I'd like to produce a data frame like df3 from df1, ie adding a prefix (important_) to variables without one, whilst not touching variables with certain prefixes (gea_, win_, hea_). Thus far I've only managed something like df2 where the important_ variables end up in a separate dataframe, but I'd like all variables in the same data frame. Any thoughts on it would be much appreciated.
What I've got:
library(dplyr)
df1 <- data.frame("hea_income"=c(45000,23465,89522),"gea_property"=c(1,1,2) ,"win_state"=c("AB","CA","GA"), "education"=c(1,2,3), "commute"=c(13,32,1))
df2 <- df1 %>% select(-contains("gea_")) %>% select(-contains("win_")) %>% select(-contains("hea_")) %>% setNames(paste0('important_', names(.)))
What I would like:
df3 <- data.frame("hea_income"=c(45000,23465,89522),"gea_property"=c(1,1,2) ,"win_state"=c("AB","CA","GA"), "important_education"=c(1,2,3), "important_commute"=c(13,32,1))

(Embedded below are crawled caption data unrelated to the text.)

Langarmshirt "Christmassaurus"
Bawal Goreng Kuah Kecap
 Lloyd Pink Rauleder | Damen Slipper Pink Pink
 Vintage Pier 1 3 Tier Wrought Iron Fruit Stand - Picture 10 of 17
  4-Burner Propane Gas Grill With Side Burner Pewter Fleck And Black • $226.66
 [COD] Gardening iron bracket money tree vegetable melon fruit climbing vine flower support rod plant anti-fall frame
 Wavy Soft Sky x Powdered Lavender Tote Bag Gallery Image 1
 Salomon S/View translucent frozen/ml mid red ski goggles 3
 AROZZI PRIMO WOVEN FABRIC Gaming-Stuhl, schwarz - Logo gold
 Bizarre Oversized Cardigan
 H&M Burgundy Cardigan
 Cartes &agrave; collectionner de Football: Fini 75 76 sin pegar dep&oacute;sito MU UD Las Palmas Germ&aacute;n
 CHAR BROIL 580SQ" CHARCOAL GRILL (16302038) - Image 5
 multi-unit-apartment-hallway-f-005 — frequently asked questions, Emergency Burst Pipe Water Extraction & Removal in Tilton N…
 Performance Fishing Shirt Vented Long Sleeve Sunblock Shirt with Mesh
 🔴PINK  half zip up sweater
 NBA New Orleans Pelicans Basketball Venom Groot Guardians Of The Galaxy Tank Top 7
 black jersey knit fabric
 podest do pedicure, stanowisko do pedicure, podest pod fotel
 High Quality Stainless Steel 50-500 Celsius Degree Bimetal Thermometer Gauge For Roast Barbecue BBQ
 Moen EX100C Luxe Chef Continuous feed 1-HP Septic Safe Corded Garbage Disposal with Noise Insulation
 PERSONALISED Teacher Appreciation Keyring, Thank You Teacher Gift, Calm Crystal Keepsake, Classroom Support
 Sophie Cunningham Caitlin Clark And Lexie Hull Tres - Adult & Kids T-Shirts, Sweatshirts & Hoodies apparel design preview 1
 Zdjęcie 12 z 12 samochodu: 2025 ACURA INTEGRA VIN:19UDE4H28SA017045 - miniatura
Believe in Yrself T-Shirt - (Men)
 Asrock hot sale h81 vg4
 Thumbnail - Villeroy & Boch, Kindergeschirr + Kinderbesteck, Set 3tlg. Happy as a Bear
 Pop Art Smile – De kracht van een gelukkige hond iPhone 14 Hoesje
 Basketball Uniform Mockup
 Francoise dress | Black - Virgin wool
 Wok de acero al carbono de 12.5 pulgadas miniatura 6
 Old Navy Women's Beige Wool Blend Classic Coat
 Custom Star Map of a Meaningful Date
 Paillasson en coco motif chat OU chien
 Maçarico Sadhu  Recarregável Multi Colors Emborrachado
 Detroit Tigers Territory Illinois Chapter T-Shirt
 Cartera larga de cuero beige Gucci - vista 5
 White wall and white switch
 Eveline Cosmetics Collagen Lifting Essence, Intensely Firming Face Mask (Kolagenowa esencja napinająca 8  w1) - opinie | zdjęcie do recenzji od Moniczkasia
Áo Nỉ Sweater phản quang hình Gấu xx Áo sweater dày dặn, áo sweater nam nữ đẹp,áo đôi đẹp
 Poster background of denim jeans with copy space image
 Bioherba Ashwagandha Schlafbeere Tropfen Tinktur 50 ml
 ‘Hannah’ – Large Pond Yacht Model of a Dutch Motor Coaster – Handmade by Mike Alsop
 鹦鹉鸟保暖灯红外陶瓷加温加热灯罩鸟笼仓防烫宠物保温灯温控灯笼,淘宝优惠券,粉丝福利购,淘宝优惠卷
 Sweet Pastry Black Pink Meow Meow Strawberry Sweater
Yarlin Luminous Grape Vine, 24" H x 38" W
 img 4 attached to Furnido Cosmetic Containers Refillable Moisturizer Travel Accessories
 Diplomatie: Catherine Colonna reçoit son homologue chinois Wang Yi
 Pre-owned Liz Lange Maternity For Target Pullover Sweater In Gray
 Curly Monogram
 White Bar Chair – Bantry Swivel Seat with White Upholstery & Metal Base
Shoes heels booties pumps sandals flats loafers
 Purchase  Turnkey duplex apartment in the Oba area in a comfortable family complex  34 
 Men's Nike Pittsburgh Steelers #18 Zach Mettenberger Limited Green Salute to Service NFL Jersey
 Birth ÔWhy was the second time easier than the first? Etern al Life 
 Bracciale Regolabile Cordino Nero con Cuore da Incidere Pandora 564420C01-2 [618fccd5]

An option would be rename_at
dfN <- df1 %>%
rename_at(4:5, funs(paste0("important_", .)))
identical(dfN, df3)
#[1] TRUE
We can also include some regex if we want to specify the variables not by numeric index. Here the assumption is that all those columns that doesn't already have a _
df1 %>%
rename_at(vars(matches("^[^_]*$")), funs(paste0("important_", .)))
# hea_income gea_property win_state important_education important_commute
#1 45000 1 AB 1 13
#2 23465 1 CA 2 32
#3 89522 2 GA 3 1
Or with matches
and -
df1 %>%
rename_at(vars(-matches("_")), funs(paste0("important_", .)))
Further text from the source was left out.